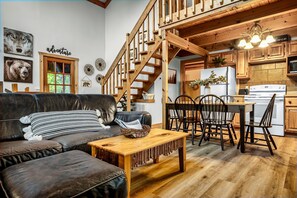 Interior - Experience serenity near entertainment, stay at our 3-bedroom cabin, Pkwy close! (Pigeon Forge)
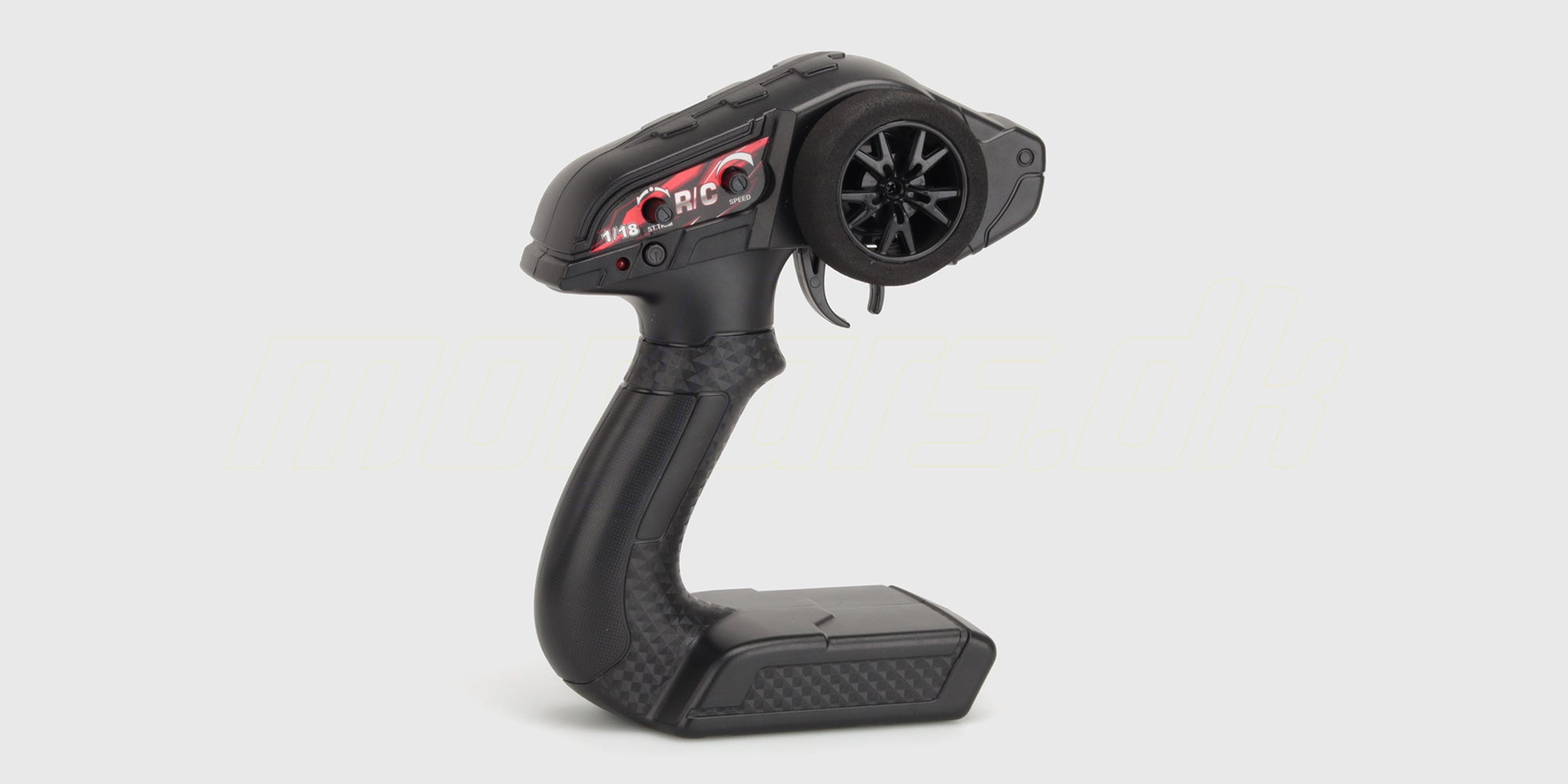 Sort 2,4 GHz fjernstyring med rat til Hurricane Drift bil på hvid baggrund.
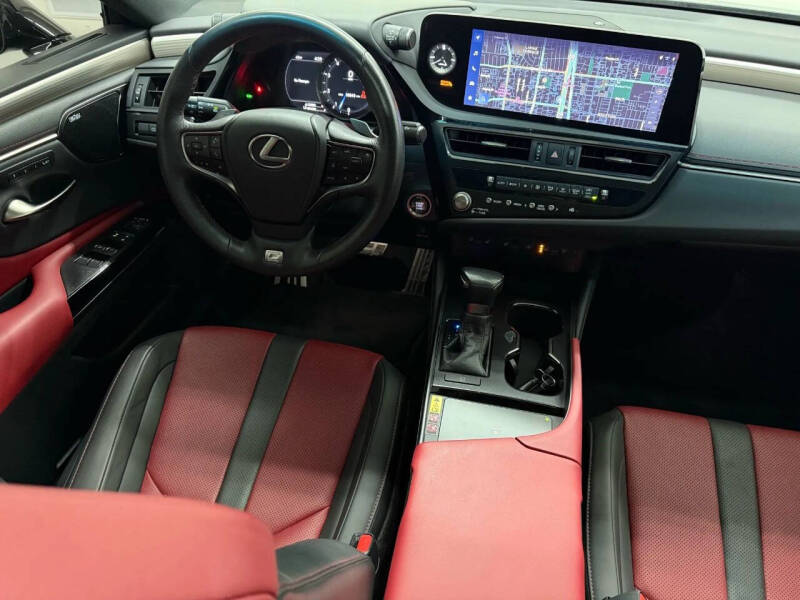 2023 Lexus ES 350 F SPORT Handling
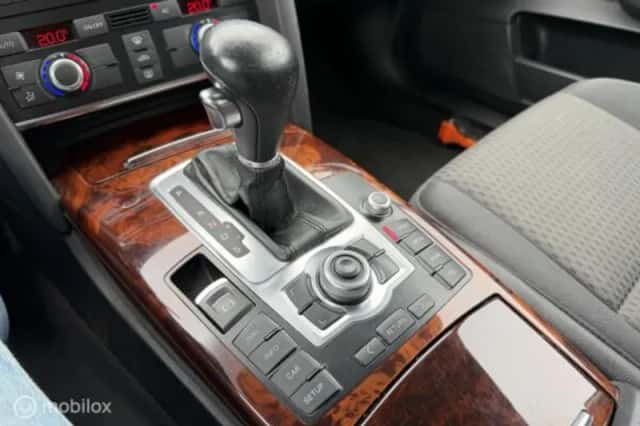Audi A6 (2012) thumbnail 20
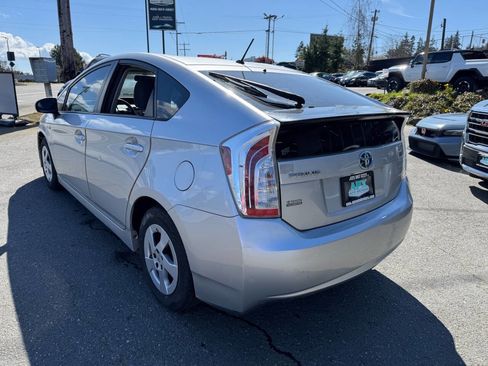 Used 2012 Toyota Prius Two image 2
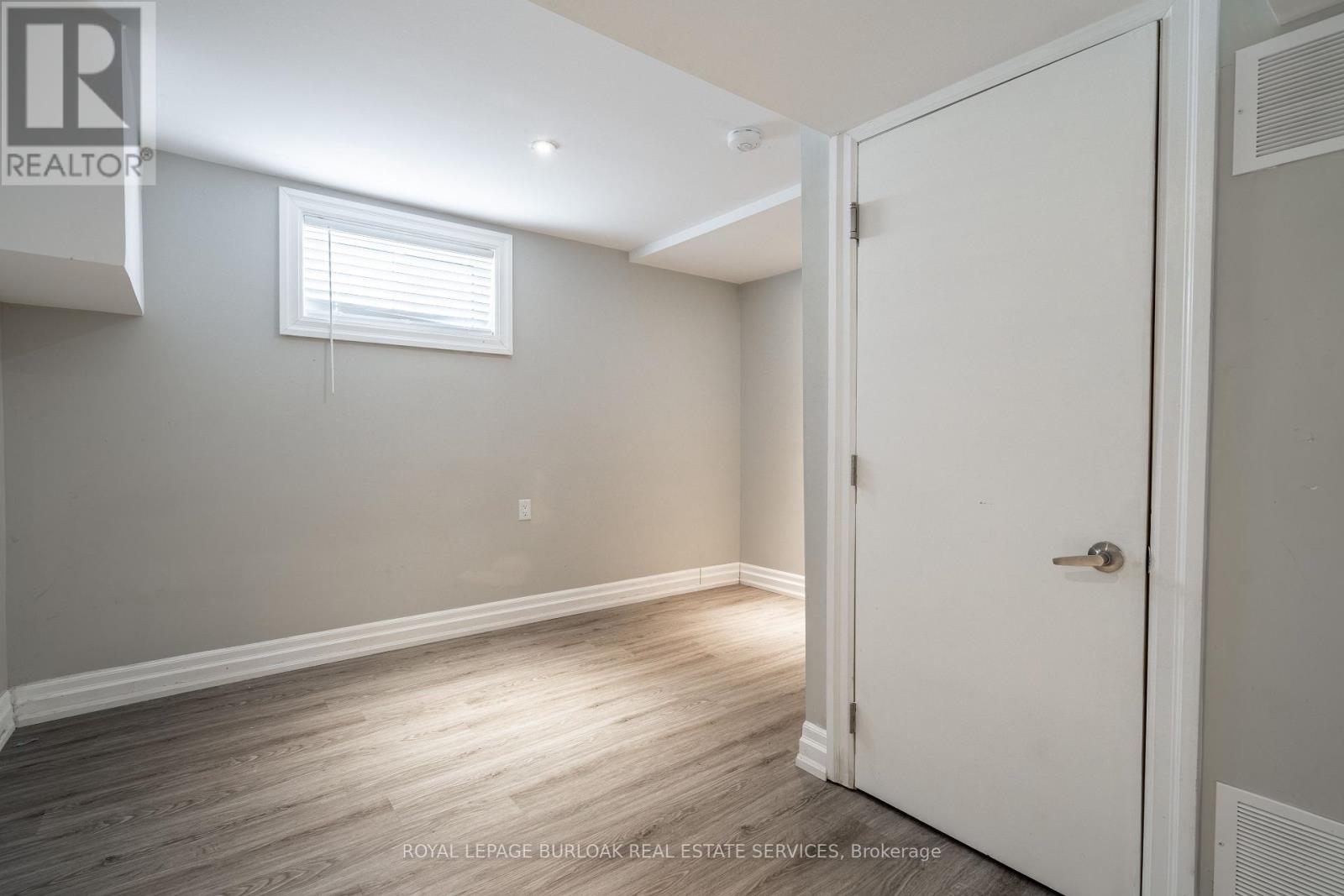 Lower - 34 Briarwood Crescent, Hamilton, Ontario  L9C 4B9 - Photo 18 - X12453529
---
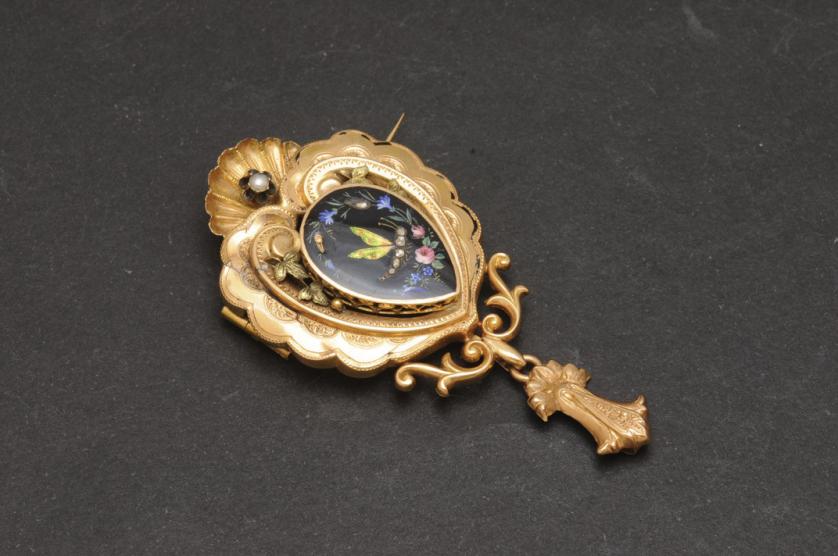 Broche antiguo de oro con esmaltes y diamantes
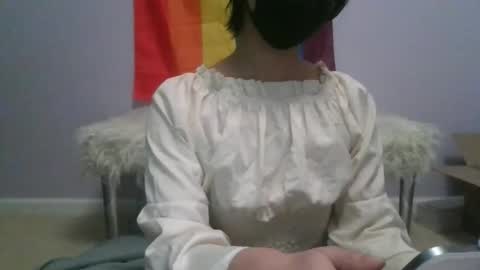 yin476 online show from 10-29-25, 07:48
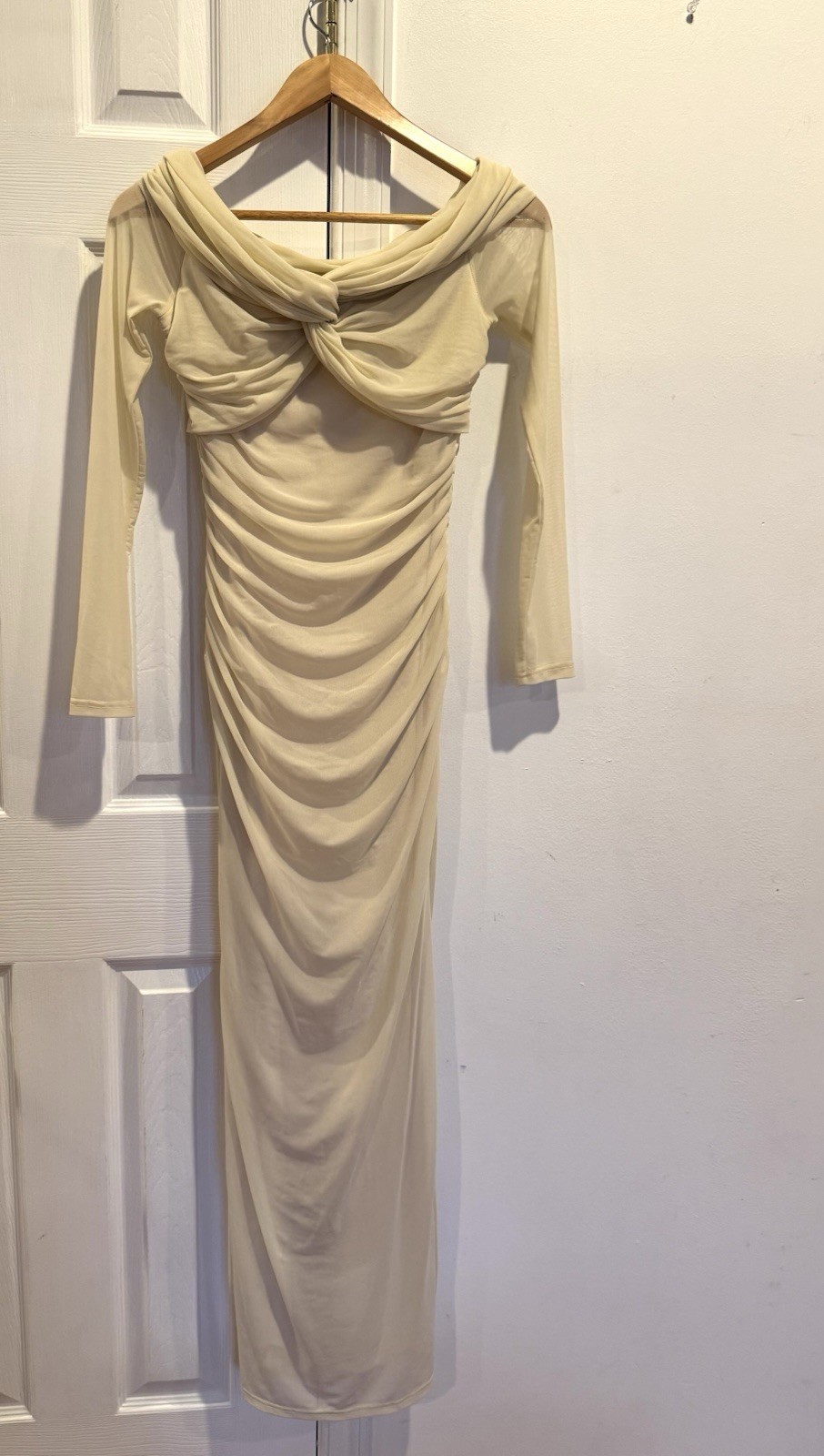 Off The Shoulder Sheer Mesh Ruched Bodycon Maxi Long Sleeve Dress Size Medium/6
==
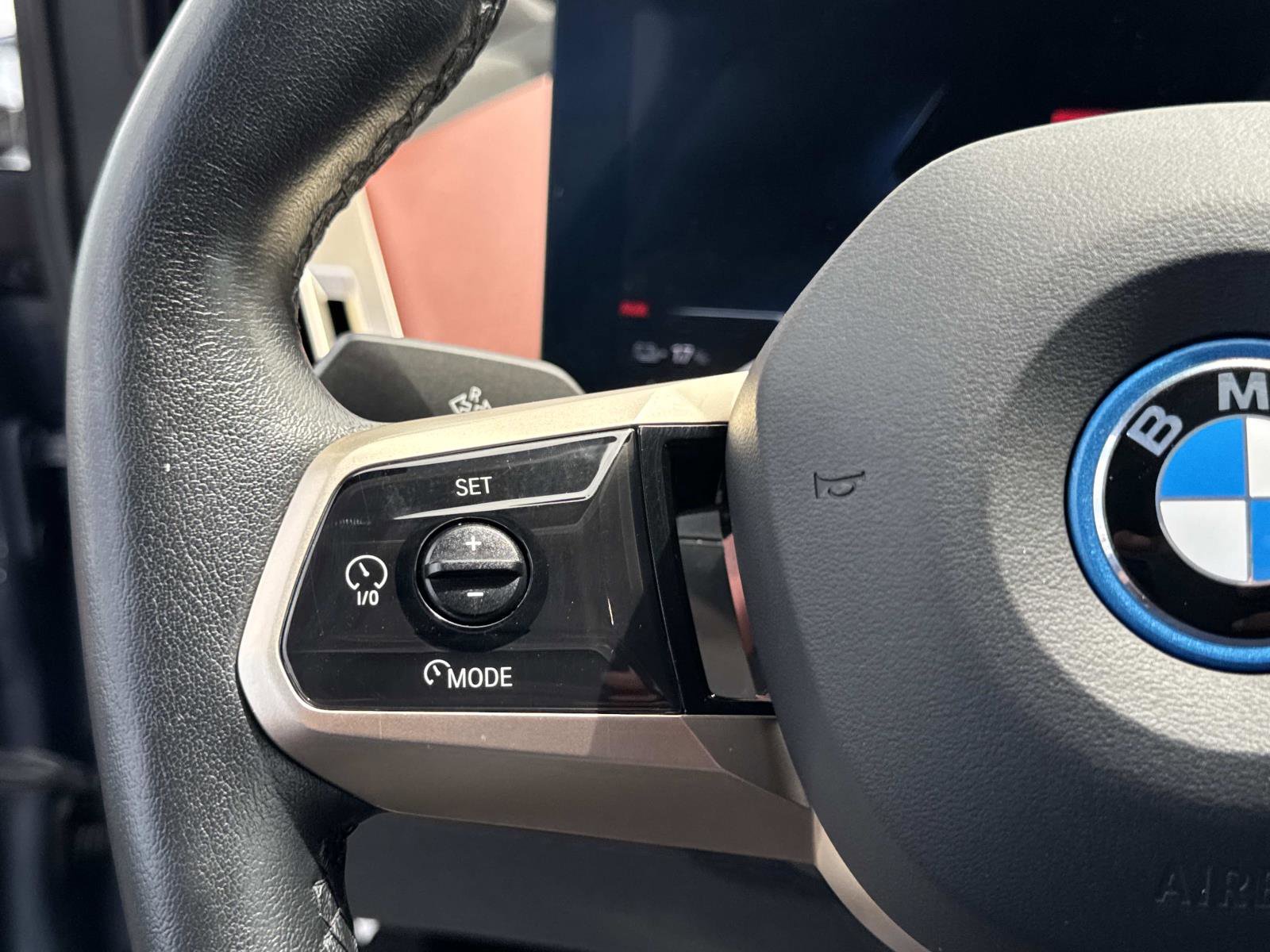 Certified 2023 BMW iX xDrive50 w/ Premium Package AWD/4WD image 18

Exercise description: The lines above from the line with "Broche antiguo de" through the line with "Off The Shoulder" are to be given again word for word, with no pictures among them.

Written solution:
 Broche antiguo de oro con esmaltes y diamantes
 yin476 online show from 10-29-25, 07:48
 Off The Shoulder Sheer Mesh Ruched Bodycon Maxi Long Sleeve Dress Size Medium/6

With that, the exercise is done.